Phase 3: Metadata Enrichment
Priority: P1
Goal: Resolve draft or partial entries against external scholarly sources and merge improved metadata safely.
Tasks:
- define a resolver interface with deterministic merge rules;
- implement first-party resolvers for DOI/Crossref, DBLP, and arXiv;
- add identifier-first resolution, then title/author/year fallback search;
- store merge provenance per field and resolution attempt logs;
- flag conflicts rather than silently overwriting disputed values.
Why this is P1 rather than the first phase:
- enrichment quality depends on the ingestion and provenance model being correct first;
- it is easier to test deterministic merge behavior once local workflows already exist.
Exit criteria:
- an incomplete entry can be enriched from at least one authoritative source;
- conflicting fields remain visible for review instead of being lost.

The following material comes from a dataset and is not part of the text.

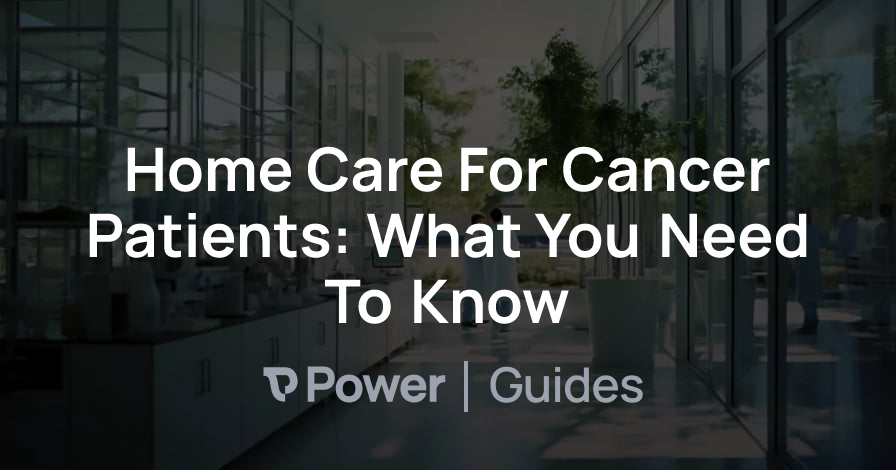 Header Image for Home Care For Cancer Patients: What You Need To Know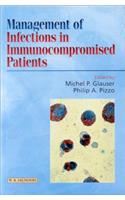 Management of Infections in Immunocompromised Patients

Phase 4: Citation Graph Expansion
Priority: P1
Goal: Use citation edges as a discovery engine rather than just metadata storage.
Tasks:
- support explicit
citesandcited_byedge ingestion with source provenance; - add graph expansion commands starting from one or more seed entries;
- track edge discovery source, timestamp, and confidence;
- add filters for depth, source type, year range, and reviewed status;
- expose unresolved nodes so the user can decide what to enrich next.
Why this matters:
- this is central to literature discovery rather than mere bibliography cleanup;
- it turns the database into a research navigation tool.
Exit criteria:
- starting from one or more seed entries, a user can expand outward through citation edges and persist newly discovered nodes;
- graph traversal results can be exported as BibTeX candidates for review.

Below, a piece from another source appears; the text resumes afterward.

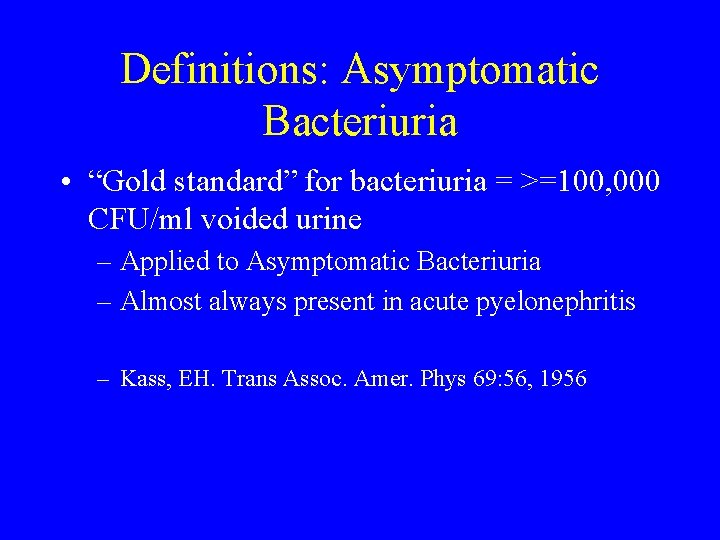 Definitions: Asymptomatic Bacteriuria • “Gold standard” for bacteriuria = >=100, 000 CFU/ml voided urine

Phase 5: Search And Ranking
Priority: P2
Goal: Improve discovery quality inside the local corpus.
Tasks:
- refine FTS ranking across title, abstract, keywords, and fulltext;
- add saved search queries and result filters;
- add optional embedding-backed semantic search behind a pluggable interface;
- support hybrid ranking that combines lexical matching, identifiers, and citation proximity;
- add benchmarking fixtures for retrieval quality on a few research topics.
Why this is later:
- FTS is already enough to support early workflows;
- embedding infrastructure is expensive and should wait until the corpus schema stabilizes.
Exit criteria:
- local search is useful on realistic corpora without requiring external services;
- semantic indexing is optional and does not displace the simpler local search path.

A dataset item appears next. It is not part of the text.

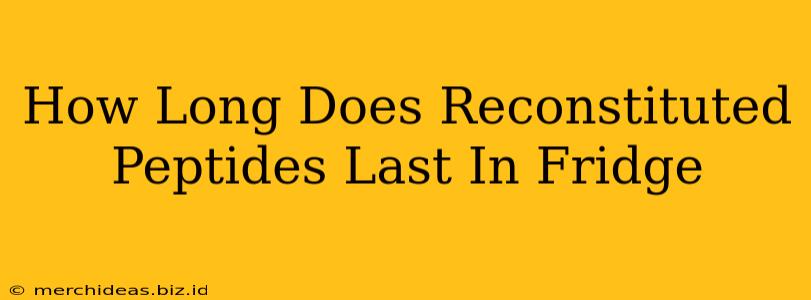 How Long Does Reconstituted Peptides Last In Fridge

Phase 6: Corpus Acquisition Pipelines
Priority: P2
Goal: Broaden source acquisition without mixing that complexity into the core model.
Tasks:
- add source adapters for open-access theses and dissertation repositories;
- add support for harvesting publisher citation pages and preprint metadata pages;
- define per-source import provenance and rate-limit behavior;
- separate source-specific scraping logic from normalized entry storage;
- add regression fixtures for representative public sources.
Why this is later:
- acquisition breadth is useful, but only after the core ingest/enrich/review loop is solid;
- source adapters are brittle and should sit on top of a stable model.
Exit criteria:
- new public corpora can be imported through adapters without changing the storage core;
- imported entries retain their source provenance and can be reviewed like any other entry.
Suggested Next Three Tasks
- Add a CLI module with
ingest,search,show, andexport. - Implement BibTeX export from the normalized store.
- Add provenance tables and entry review status fields.
These three tasks complete the first usable local workflow and should be treated as the immediate sprint.